** RECORDS PROVIDED **
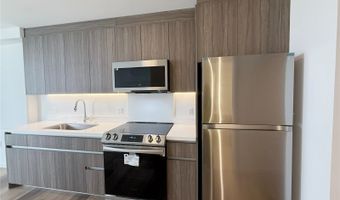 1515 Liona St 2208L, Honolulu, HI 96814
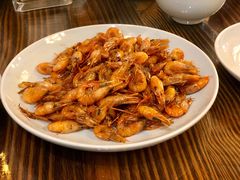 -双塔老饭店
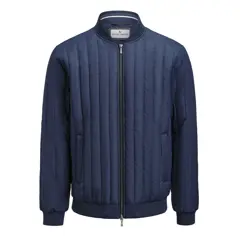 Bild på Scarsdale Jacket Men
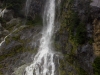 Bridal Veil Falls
==
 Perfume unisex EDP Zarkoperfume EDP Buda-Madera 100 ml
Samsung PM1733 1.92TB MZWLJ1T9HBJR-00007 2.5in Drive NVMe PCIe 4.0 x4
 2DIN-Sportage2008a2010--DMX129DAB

** WHAT YOU SHOULD DO **
Please return the lines above that run from the line containing "Samsung PM1733 1.92TB" to the line containing "2DIN-Sportage2008a2010--DMX129DAB", inclusive, exactly and with no other lines.

** WRITTEN SOLUTION **
Samsung PM1733 1.92TB MZWLJ1T9HBJR-00007 2.5in Drive NVMe PCIe 4.0 x4
 2DIN-Sportage2008a2010--DMX129DAB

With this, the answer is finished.